[Opening Excerpted records section]
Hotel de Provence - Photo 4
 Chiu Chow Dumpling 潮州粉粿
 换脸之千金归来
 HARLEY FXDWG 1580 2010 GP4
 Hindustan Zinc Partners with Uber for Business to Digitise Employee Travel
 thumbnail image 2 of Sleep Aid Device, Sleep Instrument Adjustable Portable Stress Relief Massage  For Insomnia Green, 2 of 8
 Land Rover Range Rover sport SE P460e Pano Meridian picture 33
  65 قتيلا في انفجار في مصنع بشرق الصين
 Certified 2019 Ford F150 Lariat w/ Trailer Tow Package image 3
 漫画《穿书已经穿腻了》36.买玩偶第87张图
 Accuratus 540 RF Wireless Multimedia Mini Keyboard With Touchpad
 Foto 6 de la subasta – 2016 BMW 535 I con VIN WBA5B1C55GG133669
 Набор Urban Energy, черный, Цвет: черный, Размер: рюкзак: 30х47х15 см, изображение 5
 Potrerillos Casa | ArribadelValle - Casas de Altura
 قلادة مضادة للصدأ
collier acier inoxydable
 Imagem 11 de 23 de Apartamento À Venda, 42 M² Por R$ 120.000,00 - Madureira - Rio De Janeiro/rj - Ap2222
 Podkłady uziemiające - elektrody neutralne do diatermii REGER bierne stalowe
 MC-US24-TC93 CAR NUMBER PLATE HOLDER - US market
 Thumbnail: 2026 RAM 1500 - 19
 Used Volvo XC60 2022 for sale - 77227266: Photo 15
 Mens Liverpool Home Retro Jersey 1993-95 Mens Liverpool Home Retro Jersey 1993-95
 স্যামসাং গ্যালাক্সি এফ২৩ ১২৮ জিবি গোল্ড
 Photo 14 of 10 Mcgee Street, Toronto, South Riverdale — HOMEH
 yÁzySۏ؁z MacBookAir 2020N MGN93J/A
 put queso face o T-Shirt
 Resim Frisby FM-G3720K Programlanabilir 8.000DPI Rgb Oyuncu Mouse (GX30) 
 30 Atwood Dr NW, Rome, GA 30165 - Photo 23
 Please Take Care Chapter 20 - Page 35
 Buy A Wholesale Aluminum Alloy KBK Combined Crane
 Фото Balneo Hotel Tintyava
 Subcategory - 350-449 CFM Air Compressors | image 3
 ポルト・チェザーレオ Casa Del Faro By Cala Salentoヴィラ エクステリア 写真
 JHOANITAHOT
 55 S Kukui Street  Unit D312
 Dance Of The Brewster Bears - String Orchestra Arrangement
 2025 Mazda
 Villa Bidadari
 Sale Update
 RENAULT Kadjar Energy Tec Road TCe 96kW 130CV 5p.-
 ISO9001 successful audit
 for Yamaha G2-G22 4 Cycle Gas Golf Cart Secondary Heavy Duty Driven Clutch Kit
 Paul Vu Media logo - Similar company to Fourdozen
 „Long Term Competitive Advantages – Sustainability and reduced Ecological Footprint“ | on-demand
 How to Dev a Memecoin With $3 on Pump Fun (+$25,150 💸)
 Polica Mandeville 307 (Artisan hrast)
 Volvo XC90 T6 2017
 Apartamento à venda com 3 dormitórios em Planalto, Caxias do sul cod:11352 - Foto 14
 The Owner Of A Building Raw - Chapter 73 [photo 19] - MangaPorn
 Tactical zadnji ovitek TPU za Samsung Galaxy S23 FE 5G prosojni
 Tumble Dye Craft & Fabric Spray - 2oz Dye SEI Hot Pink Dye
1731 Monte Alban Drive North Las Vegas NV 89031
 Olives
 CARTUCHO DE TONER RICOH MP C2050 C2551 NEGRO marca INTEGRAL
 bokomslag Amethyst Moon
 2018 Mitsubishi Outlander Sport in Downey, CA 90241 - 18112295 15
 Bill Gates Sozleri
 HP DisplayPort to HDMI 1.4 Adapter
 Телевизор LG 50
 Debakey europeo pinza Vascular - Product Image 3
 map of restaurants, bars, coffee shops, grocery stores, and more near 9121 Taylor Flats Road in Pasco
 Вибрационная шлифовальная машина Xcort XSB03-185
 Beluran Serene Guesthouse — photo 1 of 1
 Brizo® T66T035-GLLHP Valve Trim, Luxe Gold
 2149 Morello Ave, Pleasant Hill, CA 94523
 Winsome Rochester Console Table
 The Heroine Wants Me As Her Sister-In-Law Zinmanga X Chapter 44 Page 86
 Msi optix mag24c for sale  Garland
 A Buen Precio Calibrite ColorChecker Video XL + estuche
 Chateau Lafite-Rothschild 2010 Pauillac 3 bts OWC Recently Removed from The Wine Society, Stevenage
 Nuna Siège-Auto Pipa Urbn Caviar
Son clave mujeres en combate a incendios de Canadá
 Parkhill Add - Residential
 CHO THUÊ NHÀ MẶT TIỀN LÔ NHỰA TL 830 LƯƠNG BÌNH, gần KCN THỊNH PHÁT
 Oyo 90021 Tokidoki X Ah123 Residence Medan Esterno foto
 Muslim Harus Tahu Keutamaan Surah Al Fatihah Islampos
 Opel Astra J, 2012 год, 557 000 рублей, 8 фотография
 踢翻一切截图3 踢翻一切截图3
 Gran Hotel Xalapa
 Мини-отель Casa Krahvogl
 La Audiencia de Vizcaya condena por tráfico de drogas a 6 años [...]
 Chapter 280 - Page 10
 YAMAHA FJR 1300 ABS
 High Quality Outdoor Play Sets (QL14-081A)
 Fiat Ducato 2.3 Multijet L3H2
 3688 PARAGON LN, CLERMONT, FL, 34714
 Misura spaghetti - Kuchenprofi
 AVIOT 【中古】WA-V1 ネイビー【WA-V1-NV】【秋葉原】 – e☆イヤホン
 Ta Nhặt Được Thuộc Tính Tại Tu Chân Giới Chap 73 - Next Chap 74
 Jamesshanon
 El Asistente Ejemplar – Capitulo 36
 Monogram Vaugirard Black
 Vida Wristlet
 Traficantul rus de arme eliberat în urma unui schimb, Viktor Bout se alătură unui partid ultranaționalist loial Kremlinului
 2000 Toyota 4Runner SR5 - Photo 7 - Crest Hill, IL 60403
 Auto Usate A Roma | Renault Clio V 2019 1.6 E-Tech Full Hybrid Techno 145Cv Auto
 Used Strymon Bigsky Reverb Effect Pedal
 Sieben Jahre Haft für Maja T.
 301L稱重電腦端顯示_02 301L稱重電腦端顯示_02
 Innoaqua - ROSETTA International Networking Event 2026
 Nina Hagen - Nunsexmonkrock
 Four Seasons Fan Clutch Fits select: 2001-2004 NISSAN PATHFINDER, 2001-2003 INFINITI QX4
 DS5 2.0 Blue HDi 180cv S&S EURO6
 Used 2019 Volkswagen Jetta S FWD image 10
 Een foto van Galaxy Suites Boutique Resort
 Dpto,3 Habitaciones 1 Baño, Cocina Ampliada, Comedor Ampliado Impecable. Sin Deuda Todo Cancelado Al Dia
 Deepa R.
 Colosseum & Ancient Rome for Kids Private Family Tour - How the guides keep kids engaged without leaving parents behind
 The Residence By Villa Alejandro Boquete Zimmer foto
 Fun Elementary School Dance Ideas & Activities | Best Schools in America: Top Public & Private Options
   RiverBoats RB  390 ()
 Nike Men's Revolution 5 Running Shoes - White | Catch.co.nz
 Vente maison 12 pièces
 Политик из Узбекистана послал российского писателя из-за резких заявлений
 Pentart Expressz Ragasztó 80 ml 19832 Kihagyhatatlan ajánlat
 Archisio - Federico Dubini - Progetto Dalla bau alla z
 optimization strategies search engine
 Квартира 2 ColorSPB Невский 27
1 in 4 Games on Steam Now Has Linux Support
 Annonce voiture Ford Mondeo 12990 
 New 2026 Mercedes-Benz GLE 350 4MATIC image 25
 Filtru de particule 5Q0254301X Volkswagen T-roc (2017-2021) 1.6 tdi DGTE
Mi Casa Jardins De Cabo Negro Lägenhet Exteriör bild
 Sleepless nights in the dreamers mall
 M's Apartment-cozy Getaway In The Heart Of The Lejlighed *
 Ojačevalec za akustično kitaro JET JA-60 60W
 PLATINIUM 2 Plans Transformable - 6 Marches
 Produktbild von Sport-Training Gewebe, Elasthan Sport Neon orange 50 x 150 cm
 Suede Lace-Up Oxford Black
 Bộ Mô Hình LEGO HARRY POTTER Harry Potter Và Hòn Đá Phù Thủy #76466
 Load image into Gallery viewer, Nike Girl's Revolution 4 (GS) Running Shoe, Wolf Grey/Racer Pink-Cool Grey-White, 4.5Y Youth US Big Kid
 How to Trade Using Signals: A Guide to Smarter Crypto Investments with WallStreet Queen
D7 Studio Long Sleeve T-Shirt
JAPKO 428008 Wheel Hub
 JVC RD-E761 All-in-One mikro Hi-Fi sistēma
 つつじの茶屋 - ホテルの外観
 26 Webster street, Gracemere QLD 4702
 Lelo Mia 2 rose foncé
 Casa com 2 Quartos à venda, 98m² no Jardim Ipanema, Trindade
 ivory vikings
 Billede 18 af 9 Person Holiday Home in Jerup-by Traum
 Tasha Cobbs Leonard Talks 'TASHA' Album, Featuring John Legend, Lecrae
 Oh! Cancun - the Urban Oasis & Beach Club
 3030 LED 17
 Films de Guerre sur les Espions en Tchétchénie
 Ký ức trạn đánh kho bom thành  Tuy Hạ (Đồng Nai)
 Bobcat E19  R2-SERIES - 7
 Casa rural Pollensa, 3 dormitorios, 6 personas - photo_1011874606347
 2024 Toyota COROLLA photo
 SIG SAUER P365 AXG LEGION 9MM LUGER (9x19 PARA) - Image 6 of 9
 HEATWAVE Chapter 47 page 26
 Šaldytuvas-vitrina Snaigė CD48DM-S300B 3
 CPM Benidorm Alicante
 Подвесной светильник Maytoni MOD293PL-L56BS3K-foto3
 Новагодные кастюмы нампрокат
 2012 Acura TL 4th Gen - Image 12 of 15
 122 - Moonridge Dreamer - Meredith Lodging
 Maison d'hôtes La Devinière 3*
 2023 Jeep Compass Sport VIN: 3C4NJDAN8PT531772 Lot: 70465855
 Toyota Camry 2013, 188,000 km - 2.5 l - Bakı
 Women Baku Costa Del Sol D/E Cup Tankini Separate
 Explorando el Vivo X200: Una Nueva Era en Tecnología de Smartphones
[Closing Excerpted records section]
» **Brief**
Looking at the data above, return every line from the one with "Suede Lace-Up Oxford Black" down to the one with "Load image into", exactly and inclusively.

» **Solution for this problem**
 Suede Lace-Up Oxford Black
 Bộ Mô Hình LEGO HARRY POTTER Harry Potter Và Hòn Đá Phù Thủy #76466
 Load image into Gallery viewer, Nike Girl's Revolution 4 (GS) Running Shoe, Wolf Grey/Racer Pink-Cool Grey-White, 4.5Y Youth US Big Kid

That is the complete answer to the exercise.